# Discription

This notebook explain how to create very simple submission with lightgbm optimization.

Notebook plan:
1. Modules import.
2. Utils.
3. LGBM parameters tuning and modeling.
4. Full model training.

## 1. Modules

We use only gentelmen pack of modules: numpy, pandas, matplotlib, lightgbm and sklearn. 

In [None]:
import numpy as np
import pandas as pd
import matplotlib.pyplot as plt

from sklearn.model_selection import cross_validate


import lightgbm as lgbm

import gc
from pathlib import Path
gc.enable()

In [None]:
import warnings 
warnings.filterwarnings('ignore')

## 2. Utils

This simple utils is used to reduce memory usage. We have to use it to speed up our code if we work with huge amount of data in our dataset. 

In [None]:
def reduce_mem_usage(df):
    """ iterate through all the columns of a dataframe and modify the data type
        to reduce memory usage.        
    """
    start_mem = df.memory_usage().sum() / 1024**2
    print('Memory usage of dataframe is {:.2f} MB'.format(start_mem))
    
    for col in df.columns:
        col_type = df[col].dtype
        
        if col_type != object:
            c_min = df[col].min()
            c_max = df[col].max()
            if str(col_type)[:3] == 'int':
                if c_min > np.iinfo(np.int8).min and c_max < np.iinfo(np.int8).max:
                    df[col] = df[col].astype(np.int8)
                elif c_min > np.iinfo(np.int16).min and c_max < np.iinfo(np.int16).max:
                    df[col] = df[col].astype(np.int16)
                elif c_min > np.iinfo(np.int32).min and c_max < np.iinfo(np.int32).max:
                    df[col] = df[col].astype(np.int32)
                elif c_min > np.iinfo(np.int64).min and c_max < np.iinfo(np.int64).max:
                    df[col] = df[col].astype(np.int64)  
            else:
#                 if c_min > np.finfo(np.float16).min and c_max < np.finfo(np.float16).max:
#                     df[col] = df[col].astype(np.float16)
#                 elif

                if c_min > np.finfo(np.float32).min and c_max < np.finfo(np.float32).max:
                    df[col] = df[col].astype(np.float32)
                else:
                    df[col] = df[col].astype(np.float64)
        else:
            df[col] = df[col].astype('category')

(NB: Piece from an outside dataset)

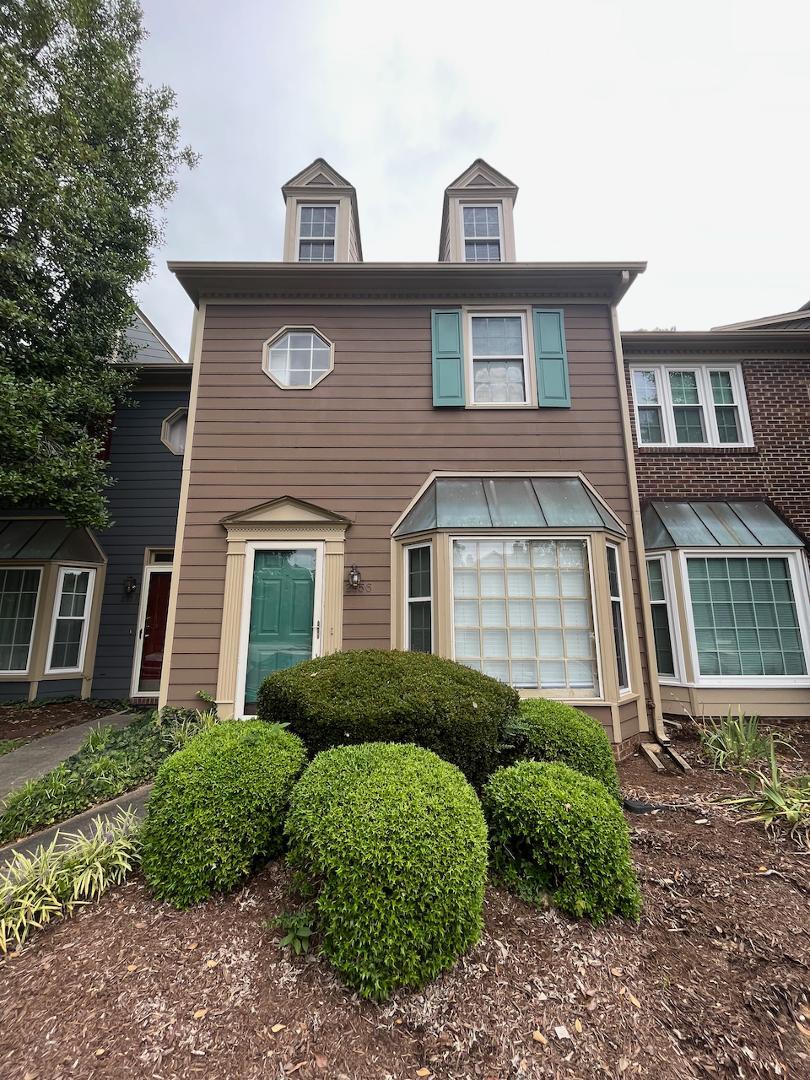 2956 Faversham Place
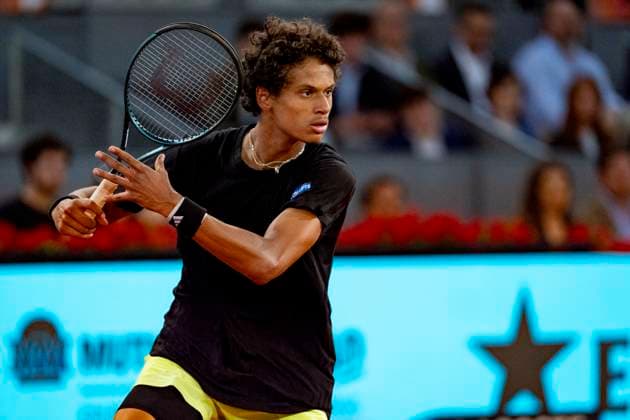 Mutua Madrid Open 2025 Gabriel Diallo of Canada is seen against Lorenzo Musetti of Italy during the Men s Singles Quarter-Final match at the Mutua Madrid Open 2025 tournament celebrated at La Caja Magica on May 01, 2025 in Madrid, Spain. Madrid La Caja Magica Madrid Spain Copyright: xAlbertoxGardinx AGardin_20250501_Mutua_Madrid_Open_0858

    end_mem = df.memory_usage().sum() / 1024**2
    print('Memory usage after optimization is: {:.2f} MB'.format(end_mem))
    print('Decreased by {:.1f}%'.format(100 * (start_mem - end_mem) / start_mem))
    
    return df

## 3. LGBM parameters tuning and modeling.

All machine learning algorithms have different paramters which can seriously affect to final score. To test LGBM pramters we will use small amout of data to seed up our simlpe research.  

First cell is used to create data frames to training and grid search optimization.

In [None]:
data_dir = Path('../input/tabular-playground-series-oct-2021/')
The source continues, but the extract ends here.